The fog has settled in low to the ground and the humidity is high, true autumn is just around the corner and I’m ready for it. Our mail holds parcels of school books for the next homeschool year, we’re re-organizing rooms and talking about fall routines. I’m a reflective (overthinker, maybe) person by nature so I like to think over the past season and dwell on the highlights, remember the lowlights and think about how we will remember summer of 2016.
The biggest memory, the one that was possibly the climax of our year, is our Great Canadian Road trip when we traveled as a family of five for five weeks across this great country of ours and back again.
I don’t remember exactly when it started being fun and worth it. I do know that when we passed the border into Quebec, Jared and I gave each other a high five and the trip felt like it really started. We love to travel, we love to talk about travel and we love to think about all the wonderful places we haven’t been yet, all over the world.
We got the idea for this trip one winter’s night, our new baby boy was just weeks old and we were missing our family across the country. We looked at airline tickets and then quickly talked about other options. What if we drove? Would that be crazy? Yes, it would. Would it be worth it? Absolutely.
Our five weeks were filled with far too many adventures and experiences to summarize in one blog post. On any given day, I’ll tell you a different highlight, a different story that is my favourite.
But for now, here’s what I know about our trip- travel is always, always worth it. Spending time in close quarters, learning how to talk nicely when you’re exhausted or hungry or just can’t stand being in the van for one more minute. Seeing awe-inspiring scenery day after day with my nearest and dearest tops my list of why we travel.
We rehearsed Canada’s topography in little chants and I loved seeing our girls’ faces when we would reach a new landform. Trees, prairies, mountains…
The learning opportunities were out our windows, daily. I wrote about how we did road schooling, here. The giant goose in WaWa, Ontario that is an historic marker for the Trans Canada Highway. The monuments to historic moments in Canada’s history – the route Terry Fox ran to raise awareness for cancer, the train station where a little bear cub named Winnie was bought by a man named Harry and became one of the most beloved bears in history. Tunnels and bridges named after Shakespeare’s characters making me wonder about the man who named them. The difference between the Pacific and the Atlantic ocean, both so captivating and beautiful.

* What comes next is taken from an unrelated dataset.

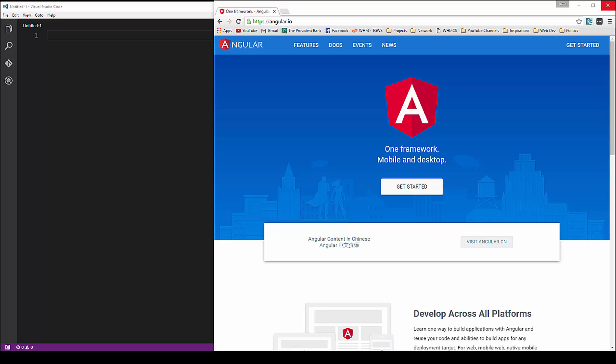We're going to get started on the Spotify application. First thing we're going to do is set up our quick start, then we're going to implement Bootstrap. I want to get the navigation and the router done first before we move on to working with the API.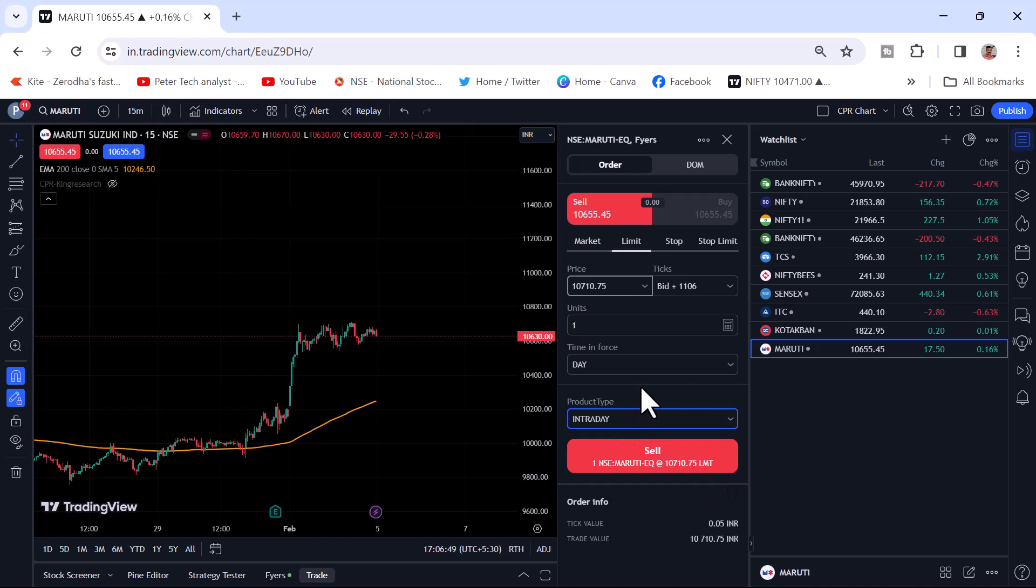Click all those things and input your unit. If you want to buy 100 quantity, just click on the sell button. The order will get executed.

The time spent with friends and family was absolutely priceless, we stayed up late night after night, cramming as much conversation in before we hit the road again. Kissing babies that we’ve seen grow up over social media, making new memories with cousins and grandparents and great grandparents. Watching our girls run and play and experience places that we experienced as children ourselves. Kilmeny had her first sleepover with the daughter of my friend, whom I had my first sleepover with decades ago. My sister and I went shopping together and out for coffee, pretending that we didn’t live on the opposite sides of the country then each other and could share a little more then just a few days together. Seven of my eight siblings gathered at my parents’ farm, we stood around the kitchen talking and laughing over a movie, just like no time had passed. We visited Jared’s grandpa’s farm with seven of his fourteen siblings, great grand children playing with the same toys and exploring the same farmland that their parents had played with years ago. I was able to spend a morning with my adored Nana and see her love on my children with the same endearing love she gives to everyone she comes in contact with.
The days of travel sorted themselves into rituals and traditions – coffee as soon as possible and quiet play for the girls while Kieran took his first long nap of the day. Colouring and books and dolls and audio books occupied the girls for hours along with plenty of snacks. We stopped for bathroom breaks and stretches and then kept on going. We kept the iPad for the last couple hours of the day when we were all tired of traveling but still had miles to go before our home for that night. We learned to be flexible and hold plans loosely like when it poured rain when we planned to camp- we drove until midnight and then crashed in a hotel. Or when our air-conditioning unit combusted requiring a day in the shop and an unexpected rest day for us- pool time and pizza and hotel beds. Or when our weekend of camping in the mountains became an afternoon at Lake Louise due to the vehicle issues.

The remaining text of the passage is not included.